DOMINGO 15 DE OCTUBRE DE 2000

 

Ť Rolando Cordera Campos Ť

Estado frágil, estado de alerta

El país y sus políticos tienen que plantearse con urgencia la cuestión del Estado que se necesita, para dejar atrás la superchería liberaloide que no piensa en otra cosa que en su desaparición. Necesitamos un Estado fuerte, y probablemente mayor que el que hoy se tiene, si es que en verdad queremos saltar con bien las trampas de fuego que el viejo régimen nos pone a diario, con toda la tersura que los soñadores de la democracia instantánea quieran imaginar.

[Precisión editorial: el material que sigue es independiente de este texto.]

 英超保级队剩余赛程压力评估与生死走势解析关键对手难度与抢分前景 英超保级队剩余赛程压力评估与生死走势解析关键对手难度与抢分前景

No hay estado de derecho que soporte las tensiones a que ha sido sometido el Estado posrevolucionario a lo largo de este duro fin de siglo y de ciclo. Las reformas salinistas fueron profundas no sólo en materia de estructura económica sino a todo lo largo del tejido institucional, pero no desembocaron en un fortalecimiento de los órdenes jurídico y político, que de todas formas conmovieron y removieron. Entonces, como ahora mismo, el presidencialismo fue usado con toda su fuerza para gobernar la economía y contener la ola social que esas mutaciones provocaron y aún provocan, pero lo que resultó no fue un nuevo régimen sino una democracia débil, desde el punto de vista de las instituciones que deberían darle cuerpo y sentido, así como un entramado estatal cada vez más frágil.

Vivimos, qué duda puede caber hoy, los estertores de un orden político caduco, pero su relevo está apenas en el horizonte. La democracia alcanzada y confirmada el 2 de julio no alcanza, por sí misma, para darle a la ciudadanía, y a muchos de los que quieren hacer empresa en México, la seguridad requerida. Todo está en el aire y no se va a remediar con andanadas punitivas que, para colmo, se llevan a cabo al margen y aun en contra de la ley.

Las vendettas no nos hablan sólo de proclividades mafiosas; eso sólo lo puede imaginar un mal lector de Mario Puzo o un pésimo espectador de El Padrino. El Rififí presidencial de estos infaustos días más bien nos habla de una forma de gobierno putrefacta que es incapaz de darle a las pasiones el cauce mínimo para que no ponga a los intereses nacionales, así como a los particulares, en permanente estado de alerta, a la defensiva y en disposición lamentable a la fuga.

No se van a poner de acuerdo en lo que queda de la cumbre política si no hay desde el llano el reclamo indignado, pero ilustrado por la política democrática, de un convenio firme en torno a la necesidad de recrear el Estado y enfilar sus maquinarias hacia la convivencia democrática. La irresponsabilidad de las elites gobernantes no podrá superarse si los actores previstos por el libreto democrático no se asumen como tales. No es verdad que la democracia sea sólo conflicto o casino, mucho menos que pueda reproducirse como si fuera un mercado de esos que inventan los libros de texto de economía y la nueva politología.

La democracia supone pactos fundadores y éstos no se han dado en México. Por eso se han impuesto el litigio y la tentación, para el Estado mismo y sus gobernantes, de arreglar los pleitos a la "legalona", pasando por encima del compromiso formal con la ley y su respeto. Insistir en la legalidad no puede verse como un intento o un subterfugio para esconder delitos mayores. Pero no vamos a poder enfrentar a estos últimos, que se apoderan de la vida civil al menor descuido, si so pretexto de su combate pisoteamos el más elemental de los procesos jurídicos que nuestros defectuosos códigos prevén.

De todo esto se ha hecho en estos días, y lo malo es que ha concitado apoyos y celebraciones. No hay nada que celebrar, salvo el pírrico espectáculo de un viejo sistema que se hunde junto con sus hijos, sin contemplación alguna por sus víctimas y por quienes hoy sufren los estragos del cambio mayúsculo que se dio a pesar de todo.

Invocar el estado de derecho no sirve de mucho. Llegó la hora de asumir que eso sólo será realidad si se le entiende como una construcción de la voluntad y de la razón política, y de inmediato ponemos todos manos a la obra. La transición rosada sigue, pero ahora morada, y en un descuido se nos pinta de negro.